L'intrigue, elle, se concentre sur une journée. Monday la commence bien, mais elle va déraper quand un mafieux chinois décide de l'engager pour rafler toute la chance de la ville. Le FBI veut qu'il utilise ses pouvoirs pour débusquer de la malchance et la refiler au même mafieux (juste retour des choses proposé par un Bureau fédéral que nul autre pays n'envie), et dans le même temps sans qu'il sache pourquoi, il doit lutter contre des gens qui en veulent à sa peau. La folle journée, qui va en Charybde en Scylla, est décrite avec énergie et humour, et l'on ne peut que suivre les aventures de Monday, esquissées avec rapidité et dans un style alerte. Chaque pas qu'il fait pour se sortir d'une situation ne fait que compliquer les choses. S. G. Browne ne manque pas non plus de s'inscrire parfaitement dans la lignée des classiques du privé cynique, ayant un regard acerbe et amusé sur les choses qu'il côtoie.

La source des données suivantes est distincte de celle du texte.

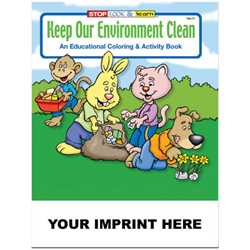 Custom Imprinted Coloring Book - Keep Our Environment Clean 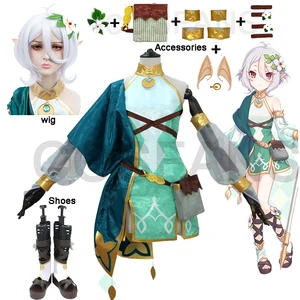 Принцесса коннектор! Re:Dive Нацумэ кокоро Косплей Костюм Хэллоуин Рождественская вечеринка костюм полный набор Хэллоуин парик и туфли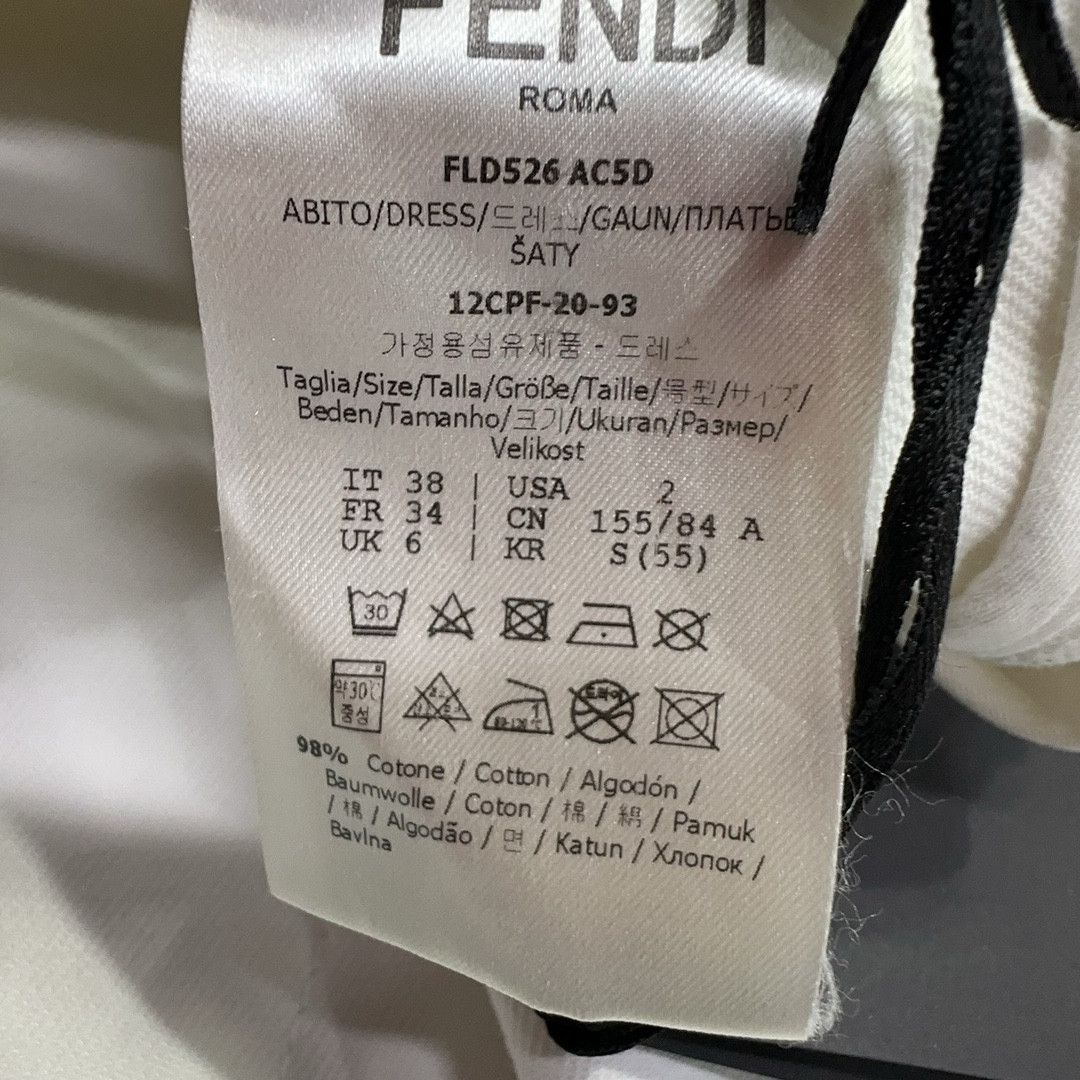 Fendi Fendi Sketch Graphic Dress Size 38 Size XS / US 0-2 / IT 36-38 - 5 Thumbnail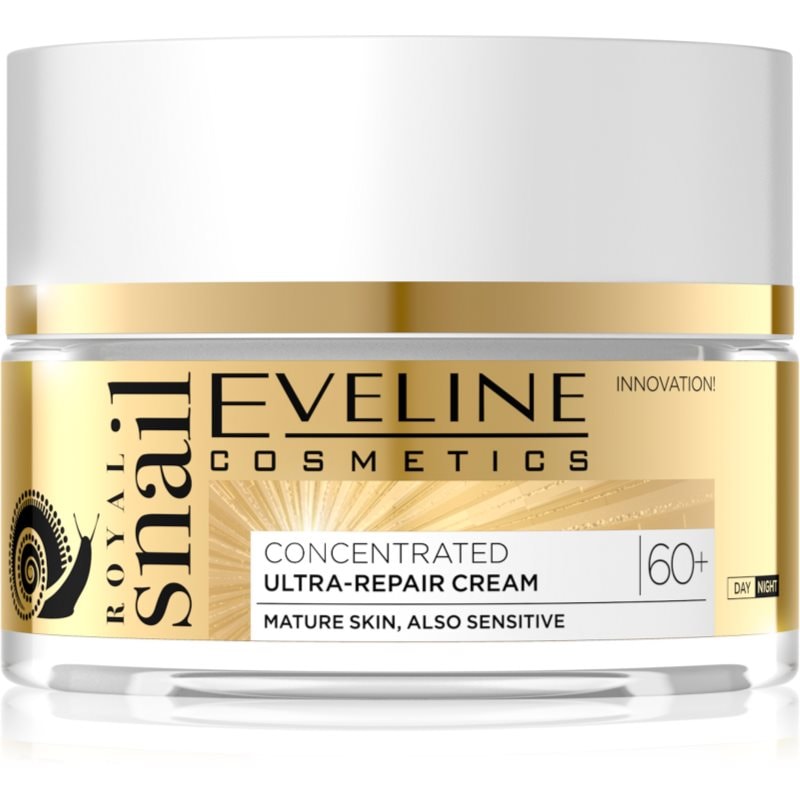 Eveline Cosmetics Eveline Cosmetics Royal Snail дневен и нощен крем 60+ с подмладяващ ефект - Унисекс парфюм 50мл - Сравни цени от 1 магазин с безплатна доставка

L'aspect fantastique lié à la chance doit être un peu plus nuancé car annoncé comme quelque chose de logique et expliqué dans ses moindres détails. La chance apparaît alors comme une forme particulière de drogue, avec ses accès d'euphorie, ses pertes de conscience, son marché parallèle, le tout donnant lieu à de belles évocations - un marchand de malchance dans sa boutique obscure, la sœur du héros qui essaye de vivre normalement. Porté donc par le dynamisme de l'intrigue, le style énergique de l'auteur, Heureux veinard est comme un combat de boxe. Le vainqueur finit aux points, étourdissant l'adversaire, virevoltant jusqu'au tournis. Une bien belle promesse pour un premier roman.
Citation
J'observe autour de moi les gens accoudés au bar ou assis aux tables dans les box, qui boivent leurs bières en ayant des conversations normales à propos de vies normales. Je parie que ce soir certains d'entre eux vont même baiser.